* **TASK TO CARRY OUT**
Only the lines below from the one containing "Arandela contemporânea - DOMINIQUE" through the one containing "Five rose gold | Makeup / wash bag" belong in the answer, set down exactly, with the pictures left out.

* **DATA IN THIS EXERCISE**

----

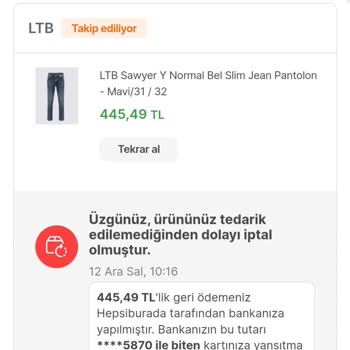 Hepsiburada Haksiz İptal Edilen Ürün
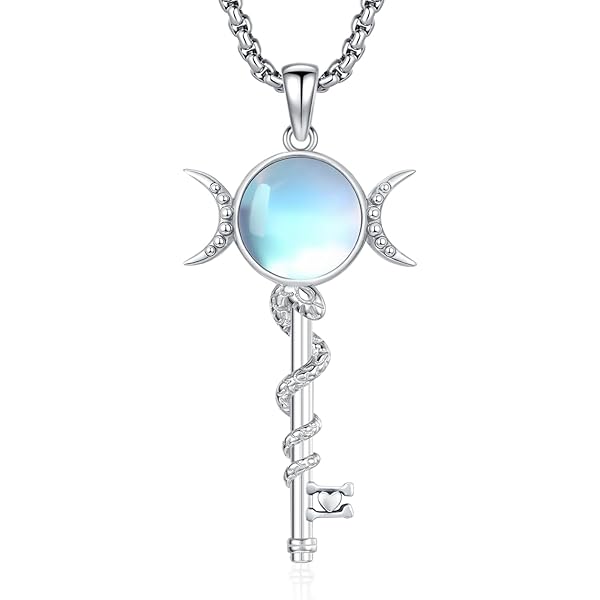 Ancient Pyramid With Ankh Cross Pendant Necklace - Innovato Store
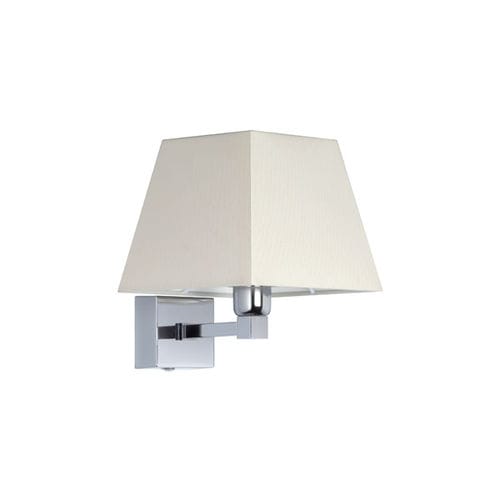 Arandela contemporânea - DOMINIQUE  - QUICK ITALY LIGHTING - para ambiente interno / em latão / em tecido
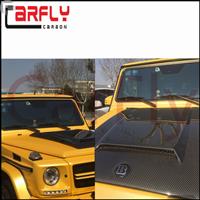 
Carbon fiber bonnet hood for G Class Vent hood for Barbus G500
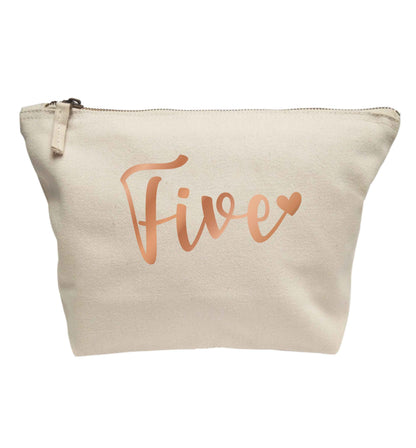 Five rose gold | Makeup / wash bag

----

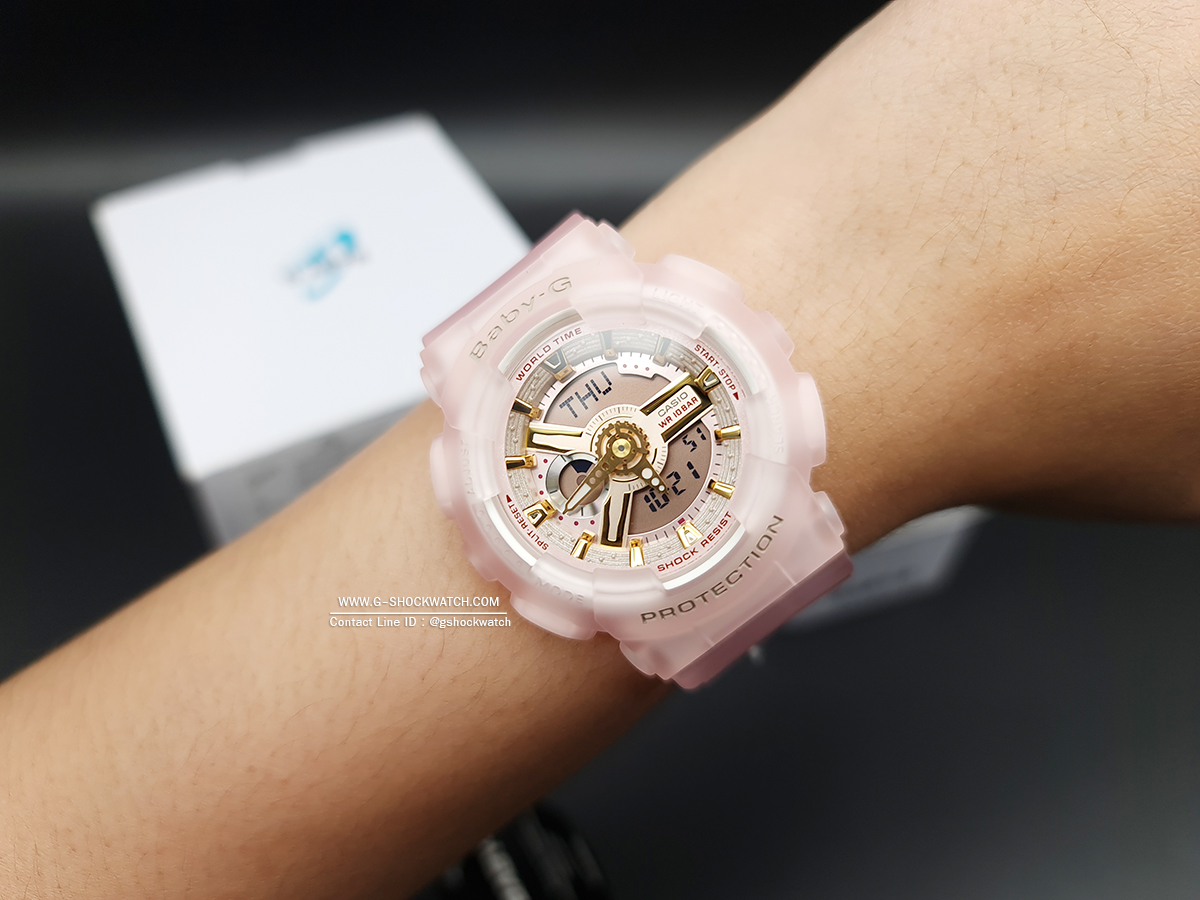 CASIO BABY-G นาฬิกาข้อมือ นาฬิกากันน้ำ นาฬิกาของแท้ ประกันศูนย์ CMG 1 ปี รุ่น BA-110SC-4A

----

* **RESULT OF THE EXERCISE**
 Arandela contemporânea - DOMINIQUE  - QUICK ITALY LIGHTING - para ambiente interno / em latão / em tecido
Carbon fiber bonnet hood for G Class Vent hood for Barbus G500
 Five rose gold | Makeup / wash bag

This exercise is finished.